Jim Balsillie, Co-CEO of BlackBerry-maker RIM, remains confident
of his company and is not afraid of Microsoft's forthcoming WM2005
(aka Magneto) release.
This week RIM reported a loss of $2.6 million for the Q4, compared to a profit of $41.5 million for the same period a year ago. The loss was a result of settling its three-year patent dispute with NTP; excluding the $294.2m litigation charge and related $151.6m tax asset write-up, net income for the quarter would have been $140.1m. The number of BlackBerry subscribers in the quarter increased to about 2.5m from 1.1m at the end of RIM's last fiscal year, with RIM adding a higher-than-expected 470,000 new subscribers in the fourth quarter. RIM expects to reach 3m subscribers in May of this quarter and to launch BlackBerry with 100 new carriers this year.
What is RIM's stance on Microsoft's plans to offer push e-mail functionalities in the forthcoming WM2005 release?

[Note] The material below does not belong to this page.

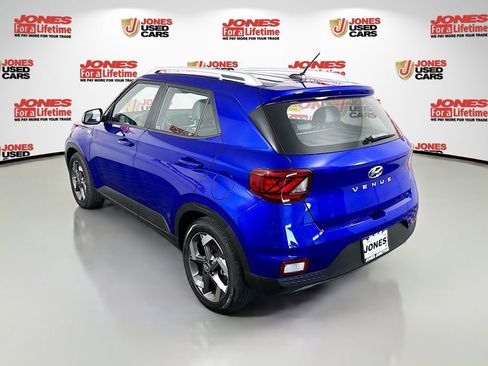 Certified 2023 Hyundai Venue Limited w/ Cargo Package FWD image 2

"It's pretty hard to comment on something that's not launched," said Balsillie. "As I understand what 'Magneto' is, it's a service pack upgrade of MIS that works with Exchange 2003, and 2003's in … about 22 percent of their Exchange environments, and it will require an upgrade of the Windows Mobile, which is being embedded for … Windows Mobile devices for 2006. I don't know the specifics of the product, and I don't know the timing exactly, but I think it's going to be a while."

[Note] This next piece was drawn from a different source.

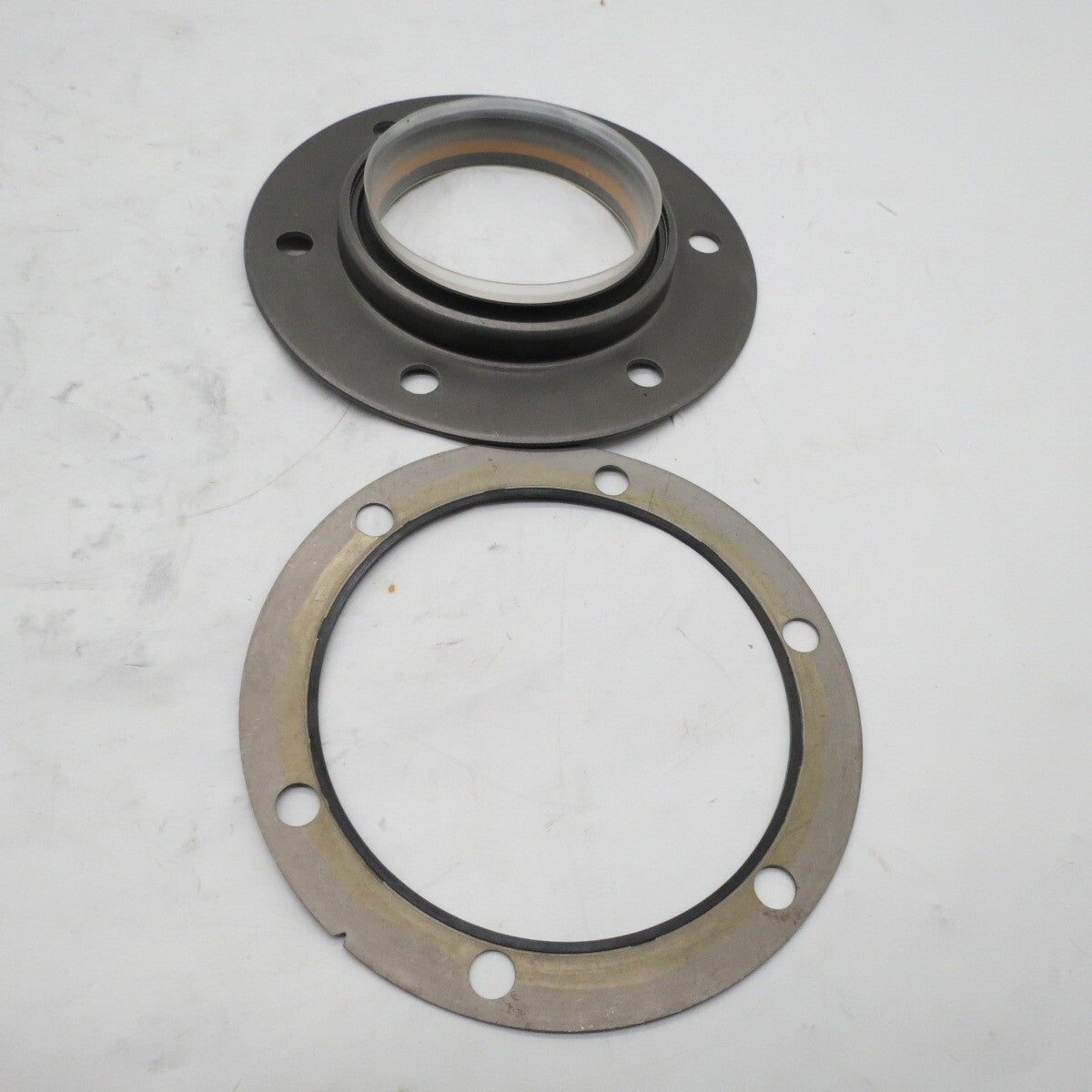 The 85??C thermostat is suitable for Caterpillar C4.4 4177782 277-2974 367-1819 4227384M1 engines. D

Balsille didn't do his home work. He should know that Magneto refers to WM2005 and not
to Mobile Information Server or a MS Exchange service pack. And where the heck did he come up with year 2006?
Balsillie suggested that Magneto may not be of great interest to carriers, since carriers "tend to be interested in something that's pan-application, so if you have something that's Notes, Exchange, Groupwise, Prosumer, that's very, very interesting; [whereas] if you're hitting 20 to 25 percent of just Exchange, which is just 40 percent of the enterprise, it may or may not be a key solution, but [regardless] it's maybe not a big part of an addressable market," Balsillie said. "When you talk to CIOs, do you look for [wireless e-mail] to be … a single-app forward integration of an e-mail store or do you look for it to be a generic wireless middleware for a bunch of carriers, for a bunch of apps, and a bunch of devices in a bunch of geographies?" Balsillie said.
Balsille would probably also say boo to a goose, but careful here: you don't want to end up like a second Netscape case, Mr. RIM!